WORK INSTRUCTIONS:
Return only the stretch of the material below that begins with the line containing "モデル：160cm（着用サイズ：FREE　着用カラー：GRY）" and ends with the line containing "60 Strong Drive, Hampton Park VIC 3976", exactly; both of those lines belong to it.

SUPPLIED ENTRIES:
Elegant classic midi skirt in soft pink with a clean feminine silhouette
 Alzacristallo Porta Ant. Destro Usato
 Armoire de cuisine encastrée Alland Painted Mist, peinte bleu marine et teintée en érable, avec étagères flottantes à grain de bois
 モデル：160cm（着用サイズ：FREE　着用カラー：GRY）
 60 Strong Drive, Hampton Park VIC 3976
---
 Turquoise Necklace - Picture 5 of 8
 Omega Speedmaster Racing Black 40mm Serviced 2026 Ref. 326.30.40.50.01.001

SOLUTION TO THIS PROBLEM:
 モデル：160cm（着用サイズ：FREE　着用カラー：GRY）
 60 Strong Drive, Hampton Park VIC 3976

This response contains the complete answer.